WHAT TO WORK ON:
The answer must be an exact copy of the records below, with every picture left out.

Data extracted from a collection
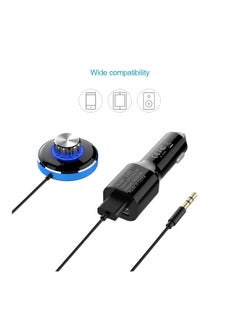 dodocool USB Car Charger With Wireless Music Receiver Black/Blue/Silver  - Image 5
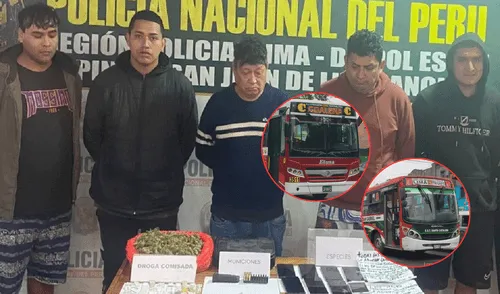 Capturan a presunta banda que extorsionaba a empresas de transporte en SJL.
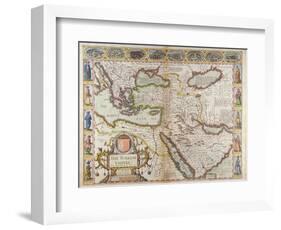 The Turkish Empire, from 'A Prospect of the Most Famous Parts of the World'-John Speed-Framed Premium Giclee Print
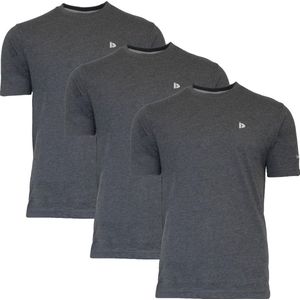3-Pack Donnay T-shirt (599008) - Sportshirt - Heren - Charcoal marl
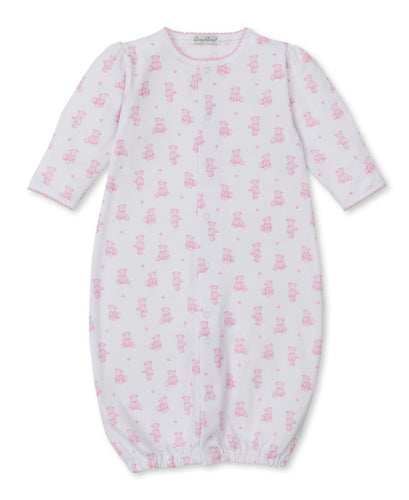 Kissy Teddy Bear Time Printed Converter Gown-Pink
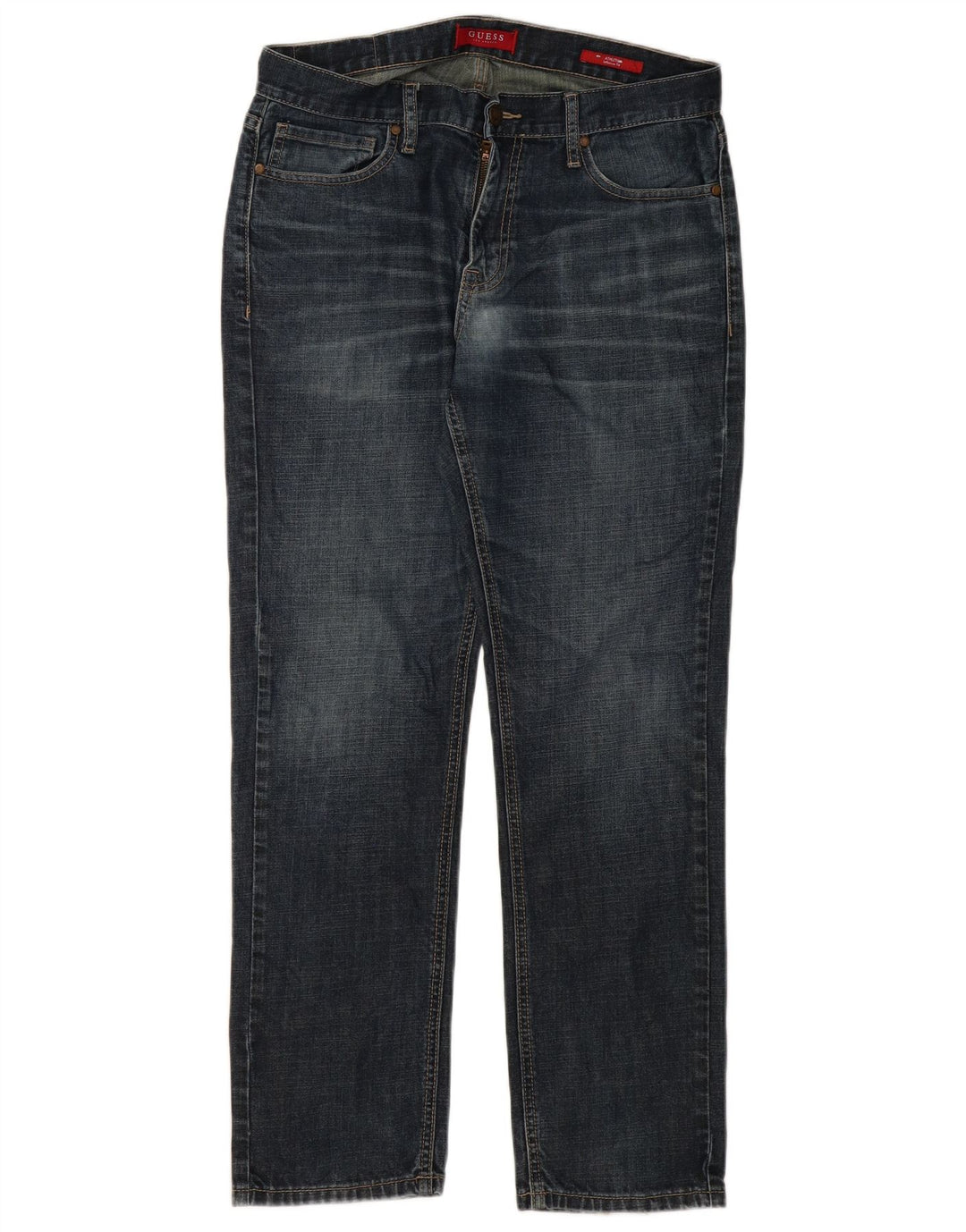 Guess Straight Jeans til mænd W31 L30 Blå Bomuld
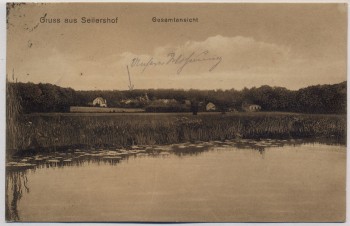 AK Gruss aus Seilershof Gesamtansicht bei Gransee 1927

ANSWER FOR THE TASK:
 dodocool USB Car Charger With Wireless Music Receiver Black/Blue/Silver  - Image 5
 Capturan a presunta banda que extorsionaba a empresas de transporte en SJL.
 The Turkish Empire, from 'A Prospect of the Most Famous Parts of the World'-John Speed-Framed Premium Giclee Print
3-Pack Donnay T-shirt (599008) - Sportshirt - Heren - Charcoal marl
 Kissy Teddy Bear Time Printed Converter Gown-Pink
 Guess Straight Jeans til mænd W31 L30 Blå Bomuld
 AK Gruss aus Seilershof Gesamtansicht bei Gransee 1927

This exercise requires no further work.